I’m a bit sick of seeing the Sunday newspaper restaurant reviews repeatedly featuring London destinations repeatedly. It can only be justified if:
1. All the best food is in London
2. All the readers are in London
If neither of those things are true it suggests that the critics can’t be bothered to get on a train. the columns certainly suggest this – many reviews of eateries outside the M25 are written with a sneer and describe reluctant trips for other purposes.
I’ve done a little research. The population of London is estimated at 8.3-8.6m and the population of the UK at around 64m. By my reckoning there ought to be a London review once in every seven if we were working on readership (unless of course the quality newspapers are read disproportionately in that city…let’s not even go there).

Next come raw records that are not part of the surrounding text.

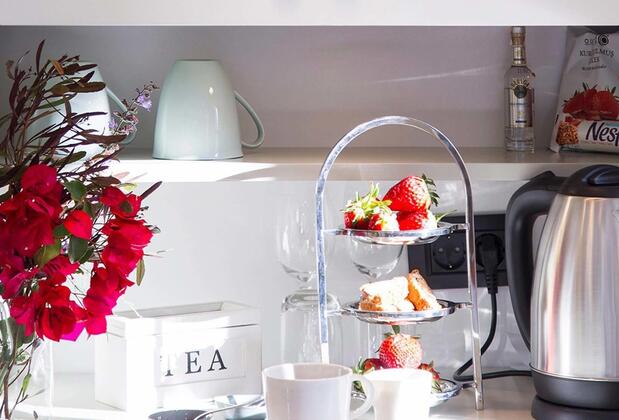 IstLondon Hotel Alaçatı - Görsel 19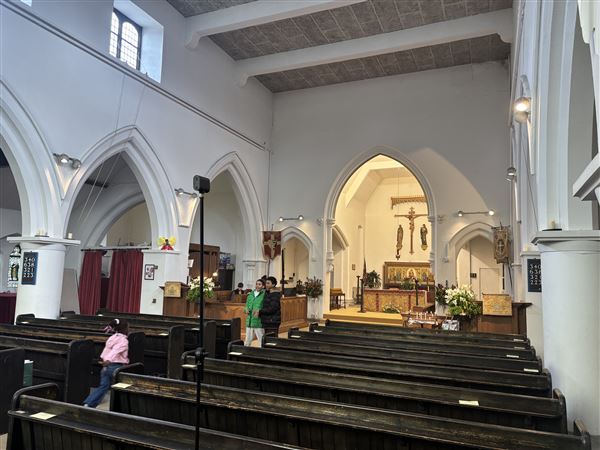 All Saints’ Church, Child’s Hill (28/06/2026 - Credits: Stephen West)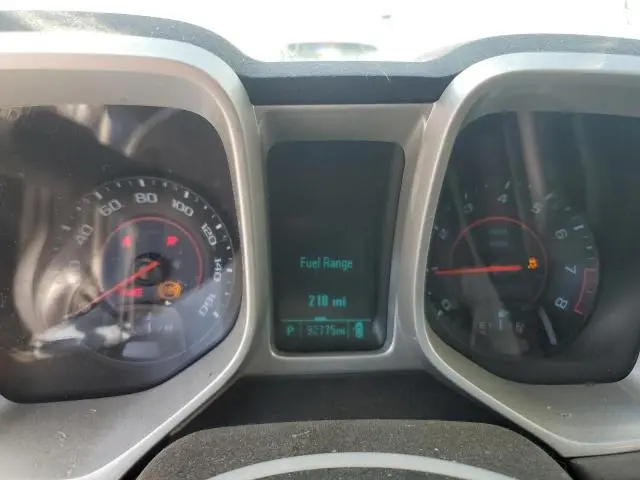 2012 CHEVROLET CAMARO LT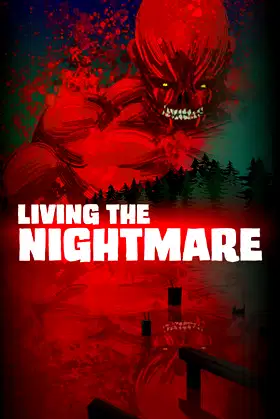 Living the Nightmare poster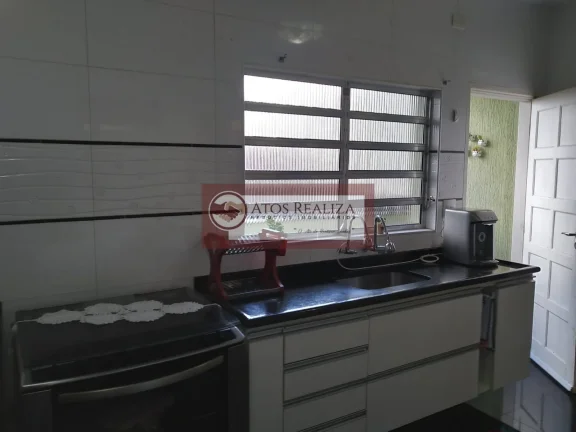 Imagem Compre Sobrado 2 Quartos 2 Vagas em Interlagos - São Paulo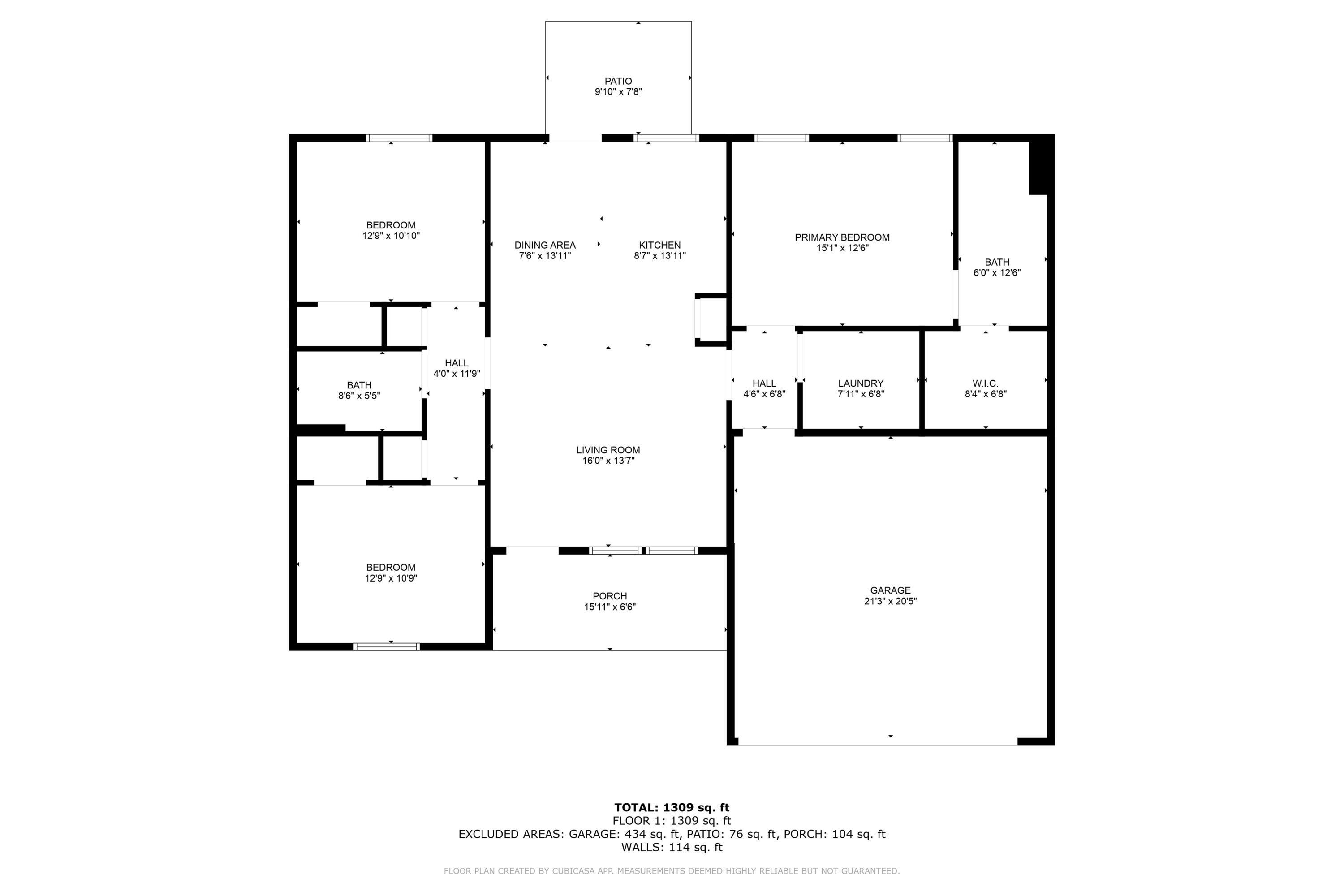 Property Photo:  135 Shady Lane  FL 32536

If it was about quality of food then there is an interesting debate to be had. Undoubtedly a disproportionate amount of Michelin stars exist in the capital – or more specifically in Belgravia and Mayfair – but that doesn’t necessarily represent the experience of most Londoners.
My own experience is less uplifting.
Only in London could you see a “French” cafe with a poster on the front window bragging about the price of fish and chips and the full English breakfast. Even more poignantly, only in London would a burger and a pint for £10 be deemed as great value.
I spent half an hour wandering around the Marylebone Road/Baker Street/Lisson Grove area of London looking for somewhere for lunch. I’m not daft, I figured I was going to have to get away from Madame Tussaud’s to avoid tourist quality and prices. What I found was shocking though – gastropubs where all the dishes were £15 plus, hideously overpriced grills and decidedly grubby and unwelcoming looking cafes. They may be excellent and the source of true value but they didn’t look the part from the outside. I was almost resigned to my fate of a snack bar in the station when I stumbled across The Dorset Cafe.
What I discovered inside, on quite a busy Melcombe Street was exactly what I was looking for – a clean, well run cafe with free wifi serving interesting food at reasonable prices. The menu offers an all day breakfast including various takes on Eggs Benedict as well as the usual full English (but even then with vegetarian and Halal options). They have a large range of freshly made sandwiches and wraps but I was looking for something a little more substantial.
The salads and hot dishes looked good. There is a North African/Mediterranean theme to the menu and the Moroccan chicken served with mezzes and pitta bread looked good as did the halloumi option. The salads were good too.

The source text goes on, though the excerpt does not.